I have to say, for some reason this purity ball thing really bothers me. I myself had a love-hate relationship with premarital sex as a teen and early twenty-something. Raised in a deeply religious household, I worried a LOT about mortal sin, especially sin of the sexual variety. For some reason, I thought the sexual sort of sin was maybe worse than, say, lying about curfew or coveting my neighbor’s cow. (For the record, after years of study, I now think all sins are pretty much sins. You may disagree with me if you like.) Despite my desire to do the right thing, I still had premarital sex, and unfortunately at a pretty young age. My parents begged me to practice abstinence. I remember my mother coaching me constantly, “DO NOT BRING HOME A BABY.” The message “don’t have sex” was pretty loud, but the message to for God’s sake be careful if you did was even louder.
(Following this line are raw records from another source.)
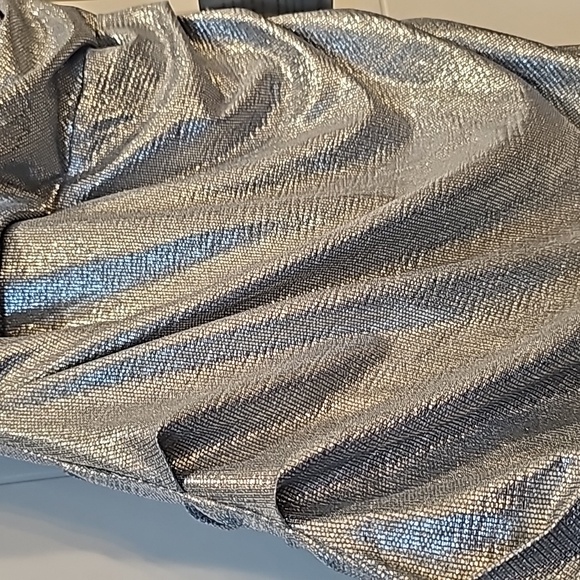 Sparkly, metallic gown. - Picture 5 of 9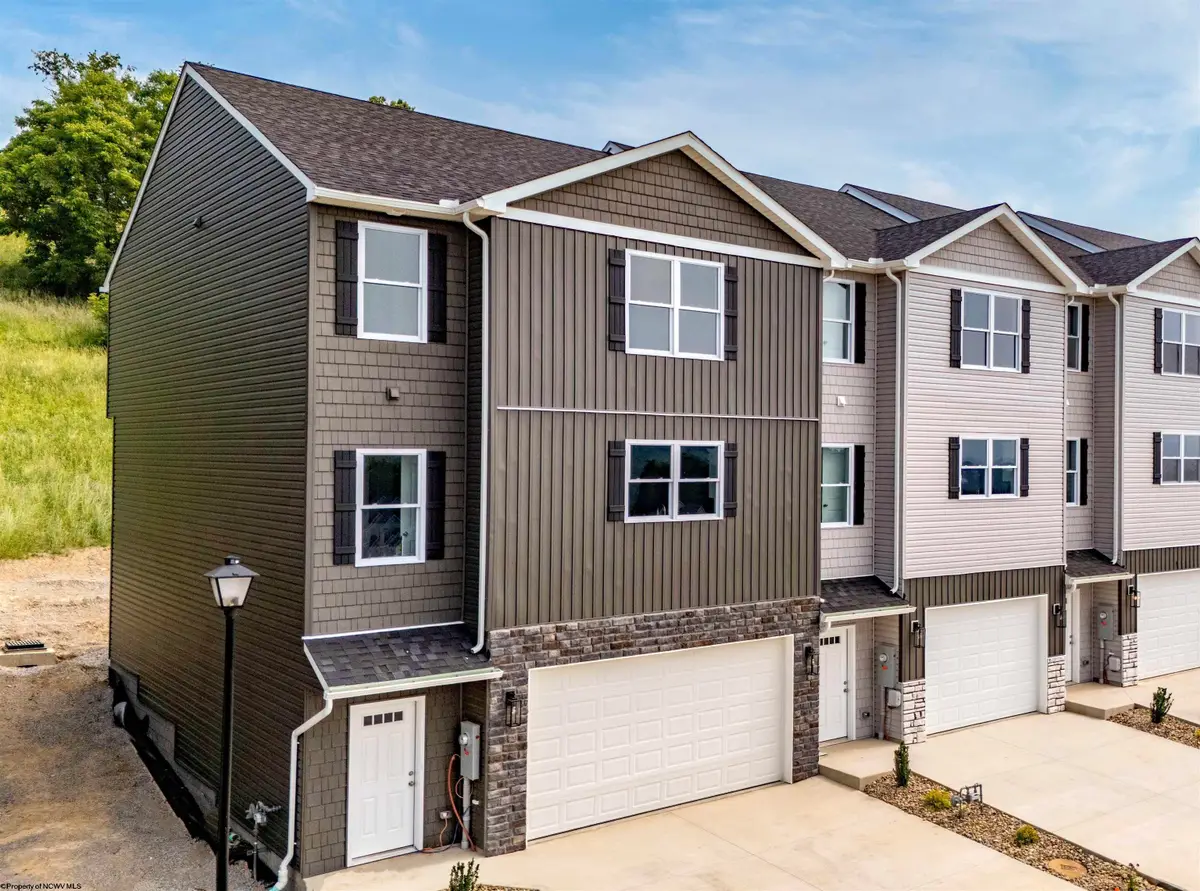 286 Red Oak Lane, Morgantown, WV 26501 - #1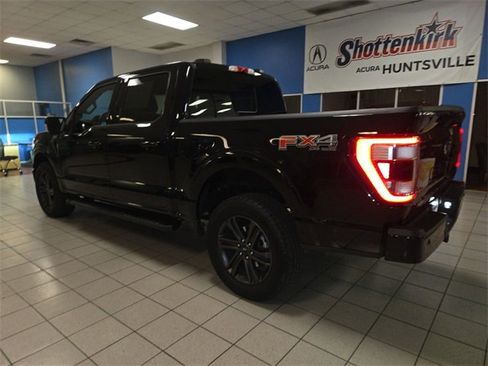 Used 2021 Ford F150 Lariat image 6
I took heed.
I think it was my mother’s strong opinion that I SHOULD NOT BRING HOME A BABY that saved me from the fate of more than five of my college girlfriends – unexpected pregnancy. Some kept the babies and more than a few had abortions. I remember feeling guilty and jubilant all at the same time to realize I would not be experiencing that choice because I was so, so, so careful. I took the Pill and used condoms. I would’ve used five or six other types of birth control on top of that if I thought I wouldn’t be ostracized. I don’t regret that decision. Would it have been better if I’d been abstinent? Oh, absolutely, I think. But I was young and hormone-ridden and IN LOVE (or so I thought), and in the heat of those moments, even the best-schooled young ladies can give in. Abstinence is a good message, but I’m sorry, not pragmatic. Not realistic. No ball is going to save you if you don’t have a condom when you have sex because you really, seriously, no SERIOUSLY never intended to have sex in the first place. Oops.
Jodi at Webloggin disagrees.
The bottom line for me is that I am glad that fathers are taking an active role in wanting their daughters to grow up to be moral individuals who also want to save themselves for marriage. I do not view this as a bad thing, but rather a renewed view from the past that needs to be present again.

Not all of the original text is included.